Written on the 15 October 2010


THE state’s prized assets are potentially heading overseas into foreign ownership and Queenslanders would be none the wiser.

The company that paid $603 million for Forestry Queensland in June is the US-based Hancock Timber Resource Group.

Press reports at the time suggested the company was Queensland-owned under the banner Hancock Queensland Plantations.

But the company is based in Boston, Massachusetts in the US. It manages more than two million hectares of timberlands worth around $9.7 billion across the US, Brazil, Canada, New Zealand and Australia.

While Treasurer Andrew Fraser has confirmed the Government will lease the Port of Brisbane, the Abbott Point coal terminal and Queensland Motorways, a source close to Brisbane Business News, says talks have been held with potential buyers offshore.

“We actively marketed our capabilities in relation to acting on sales of this nature and not only looking in Australia to potential persons of interest, but internationally as well given the calibre of the assets. There was definitely interest from Asian clients,” says the source.

State Opposition Leader John Paul Langbroek was not aware that Hancock was a US-owned company – nor did he see merit in the debate.

“I have no views about foreign ownership, in a free market economy we can’t nationalise the assets,” he says.

But Langbroek says if the LNP were to be elected, it would not sell off Queensland assets.

“If it’s not for sale, we won’t sell it. These assets don’t belong to the Premier and her ministers, they belong to Queenslanders,” he says.

A spokesperson for Trade Queensland says foreign direct investment (FDI) served two crucial roles for economic development.

“First, as FDI inflow brings new capital investment, it enhances production capacities within the economy thereby stimulating future economic growth,” says a spokesperson.
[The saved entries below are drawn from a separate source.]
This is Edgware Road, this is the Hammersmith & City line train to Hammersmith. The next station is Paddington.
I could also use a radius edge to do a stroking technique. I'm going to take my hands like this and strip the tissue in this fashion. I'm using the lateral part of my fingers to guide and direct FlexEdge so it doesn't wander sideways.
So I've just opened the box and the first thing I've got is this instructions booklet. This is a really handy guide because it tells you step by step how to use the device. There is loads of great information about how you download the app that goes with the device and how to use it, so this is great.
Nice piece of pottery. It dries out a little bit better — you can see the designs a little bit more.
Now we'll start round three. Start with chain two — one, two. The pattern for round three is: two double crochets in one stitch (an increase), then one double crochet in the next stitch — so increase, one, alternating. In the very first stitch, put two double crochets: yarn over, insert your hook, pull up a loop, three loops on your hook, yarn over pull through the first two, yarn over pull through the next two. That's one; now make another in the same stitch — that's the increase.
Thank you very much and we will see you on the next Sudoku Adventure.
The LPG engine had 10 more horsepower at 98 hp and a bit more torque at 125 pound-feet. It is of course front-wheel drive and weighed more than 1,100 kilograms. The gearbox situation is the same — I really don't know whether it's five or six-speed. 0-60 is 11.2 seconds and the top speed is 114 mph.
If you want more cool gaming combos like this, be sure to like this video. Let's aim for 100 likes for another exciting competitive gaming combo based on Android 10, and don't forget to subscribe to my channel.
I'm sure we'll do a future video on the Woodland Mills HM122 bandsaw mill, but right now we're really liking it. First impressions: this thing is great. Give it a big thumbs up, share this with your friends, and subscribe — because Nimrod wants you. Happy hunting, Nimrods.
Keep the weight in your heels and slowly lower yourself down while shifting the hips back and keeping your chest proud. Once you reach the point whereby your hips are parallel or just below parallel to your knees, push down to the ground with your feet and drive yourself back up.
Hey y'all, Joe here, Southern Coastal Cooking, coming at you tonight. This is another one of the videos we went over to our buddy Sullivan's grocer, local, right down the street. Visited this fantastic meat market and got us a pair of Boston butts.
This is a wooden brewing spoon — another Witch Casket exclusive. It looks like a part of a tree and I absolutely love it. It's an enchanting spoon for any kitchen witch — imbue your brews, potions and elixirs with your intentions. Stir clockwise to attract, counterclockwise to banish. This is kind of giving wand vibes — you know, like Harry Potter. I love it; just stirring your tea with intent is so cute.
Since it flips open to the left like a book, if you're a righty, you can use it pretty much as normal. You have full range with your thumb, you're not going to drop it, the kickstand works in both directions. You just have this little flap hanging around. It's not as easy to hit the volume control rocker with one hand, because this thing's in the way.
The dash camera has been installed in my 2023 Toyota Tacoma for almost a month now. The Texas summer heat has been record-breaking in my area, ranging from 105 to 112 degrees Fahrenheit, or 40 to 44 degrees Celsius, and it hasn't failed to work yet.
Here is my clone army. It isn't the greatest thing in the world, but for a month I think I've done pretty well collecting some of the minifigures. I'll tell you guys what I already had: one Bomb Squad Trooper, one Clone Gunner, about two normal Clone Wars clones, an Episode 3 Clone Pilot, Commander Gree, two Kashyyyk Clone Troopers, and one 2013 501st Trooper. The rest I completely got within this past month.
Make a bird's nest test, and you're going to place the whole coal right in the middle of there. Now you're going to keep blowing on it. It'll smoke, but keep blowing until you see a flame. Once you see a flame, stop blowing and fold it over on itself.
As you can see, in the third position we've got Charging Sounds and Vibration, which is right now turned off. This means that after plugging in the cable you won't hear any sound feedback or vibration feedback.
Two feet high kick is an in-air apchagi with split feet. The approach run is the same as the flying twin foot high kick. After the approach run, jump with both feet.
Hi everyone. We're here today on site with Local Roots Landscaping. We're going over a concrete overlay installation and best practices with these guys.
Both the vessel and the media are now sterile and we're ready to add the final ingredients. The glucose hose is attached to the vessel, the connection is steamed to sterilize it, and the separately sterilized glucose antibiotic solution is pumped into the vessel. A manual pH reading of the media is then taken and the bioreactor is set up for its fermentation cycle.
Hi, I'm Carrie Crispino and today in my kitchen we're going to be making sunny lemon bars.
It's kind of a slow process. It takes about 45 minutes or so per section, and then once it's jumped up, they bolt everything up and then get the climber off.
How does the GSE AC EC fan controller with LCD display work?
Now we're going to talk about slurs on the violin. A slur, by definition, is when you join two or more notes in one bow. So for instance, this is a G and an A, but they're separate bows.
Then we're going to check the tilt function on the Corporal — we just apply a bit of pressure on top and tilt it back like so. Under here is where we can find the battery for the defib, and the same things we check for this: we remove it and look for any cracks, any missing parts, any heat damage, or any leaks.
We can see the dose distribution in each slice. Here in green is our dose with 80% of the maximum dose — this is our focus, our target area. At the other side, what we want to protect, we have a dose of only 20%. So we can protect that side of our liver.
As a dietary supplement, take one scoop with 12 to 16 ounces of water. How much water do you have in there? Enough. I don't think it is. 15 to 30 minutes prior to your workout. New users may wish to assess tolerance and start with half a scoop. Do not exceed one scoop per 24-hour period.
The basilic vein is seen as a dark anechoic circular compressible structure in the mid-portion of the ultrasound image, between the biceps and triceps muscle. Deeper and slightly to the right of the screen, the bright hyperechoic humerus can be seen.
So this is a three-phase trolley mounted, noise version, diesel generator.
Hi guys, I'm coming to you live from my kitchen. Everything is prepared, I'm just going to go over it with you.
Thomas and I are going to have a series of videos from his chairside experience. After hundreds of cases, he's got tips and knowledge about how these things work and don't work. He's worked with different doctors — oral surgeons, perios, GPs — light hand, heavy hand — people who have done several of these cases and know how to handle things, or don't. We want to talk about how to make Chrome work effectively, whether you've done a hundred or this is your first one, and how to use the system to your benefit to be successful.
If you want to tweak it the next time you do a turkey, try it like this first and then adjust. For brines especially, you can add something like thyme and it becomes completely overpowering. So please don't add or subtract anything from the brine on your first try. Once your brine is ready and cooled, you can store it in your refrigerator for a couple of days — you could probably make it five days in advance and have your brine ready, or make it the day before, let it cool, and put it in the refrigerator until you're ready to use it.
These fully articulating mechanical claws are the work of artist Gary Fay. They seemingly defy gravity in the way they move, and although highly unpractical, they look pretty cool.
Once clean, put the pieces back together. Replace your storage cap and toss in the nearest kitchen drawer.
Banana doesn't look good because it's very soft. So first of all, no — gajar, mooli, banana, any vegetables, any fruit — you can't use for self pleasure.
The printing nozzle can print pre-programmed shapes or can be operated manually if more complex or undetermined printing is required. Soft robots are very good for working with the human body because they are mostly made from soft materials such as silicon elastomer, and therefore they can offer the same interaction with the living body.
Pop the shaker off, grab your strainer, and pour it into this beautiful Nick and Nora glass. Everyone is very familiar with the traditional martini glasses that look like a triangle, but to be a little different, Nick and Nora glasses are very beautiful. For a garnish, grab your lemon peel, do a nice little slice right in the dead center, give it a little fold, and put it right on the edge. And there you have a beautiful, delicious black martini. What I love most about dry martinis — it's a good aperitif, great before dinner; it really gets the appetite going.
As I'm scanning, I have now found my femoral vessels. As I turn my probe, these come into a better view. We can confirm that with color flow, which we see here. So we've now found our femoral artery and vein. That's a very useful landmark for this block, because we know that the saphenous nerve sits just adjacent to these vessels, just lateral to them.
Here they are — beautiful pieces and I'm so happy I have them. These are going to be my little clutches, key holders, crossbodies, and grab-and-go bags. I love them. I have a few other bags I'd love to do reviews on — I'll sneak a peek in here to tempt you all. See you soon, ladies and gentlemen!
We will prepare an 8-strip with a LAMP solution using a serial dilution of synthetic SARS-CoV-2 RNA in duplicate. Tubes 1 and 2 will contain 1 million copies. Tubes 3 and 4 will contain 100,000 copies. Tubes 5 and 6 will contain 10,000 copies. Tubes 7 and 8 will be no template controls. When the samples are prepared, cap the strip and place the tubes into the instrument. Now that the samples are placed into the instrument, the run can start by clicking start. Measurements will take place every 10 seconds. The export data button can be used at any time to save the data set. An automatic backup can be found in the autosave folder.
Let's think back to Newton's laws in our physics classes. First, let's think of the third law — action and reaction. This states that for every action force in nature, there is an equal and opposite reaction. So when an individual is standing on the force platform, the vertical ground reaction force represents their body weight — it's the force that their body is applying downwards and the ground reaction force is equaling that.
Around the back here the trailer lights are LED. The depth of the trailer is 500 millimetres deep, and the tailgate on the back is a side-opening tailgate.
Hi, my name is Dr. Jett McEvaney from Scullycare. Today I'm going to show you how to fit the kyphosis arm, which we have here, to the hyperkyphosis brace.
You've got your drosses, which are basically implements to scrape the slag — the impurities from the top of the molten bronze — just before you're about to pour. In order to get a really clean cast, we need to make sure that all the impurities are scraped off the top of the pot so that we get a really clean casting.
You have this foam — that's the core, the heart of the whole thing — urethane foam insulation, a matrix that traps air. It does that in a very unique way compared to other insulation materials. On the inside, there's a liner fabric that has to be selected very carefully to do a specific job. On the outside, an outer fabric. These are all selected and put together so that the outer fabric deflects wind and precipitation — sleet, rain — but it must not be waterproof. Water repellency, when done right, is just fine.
“Second, the greatest contribution of FDI may come through technology transfer which can stimulate export growth, improve total factor productivity and help integrate into global economic networks.

“It is due to these critical roles played by FDI that most economies globally design policy measures to facilitate access to and attract new foreign capital.

“The degree of foreign ownership on Queensland’s companies should therefore provide positive flow-on-effects on the economy. However, it is difficult to quantify the magnitude of these positive effects on trade for any particular company or investor.”

Meanwhile the largest float to list on the ASX since Telstra, Queensland Rail, is at full tilt. The success of the $7 billion privatisation stage one phase will not be known until November when a clear indication of the take-up can be valued.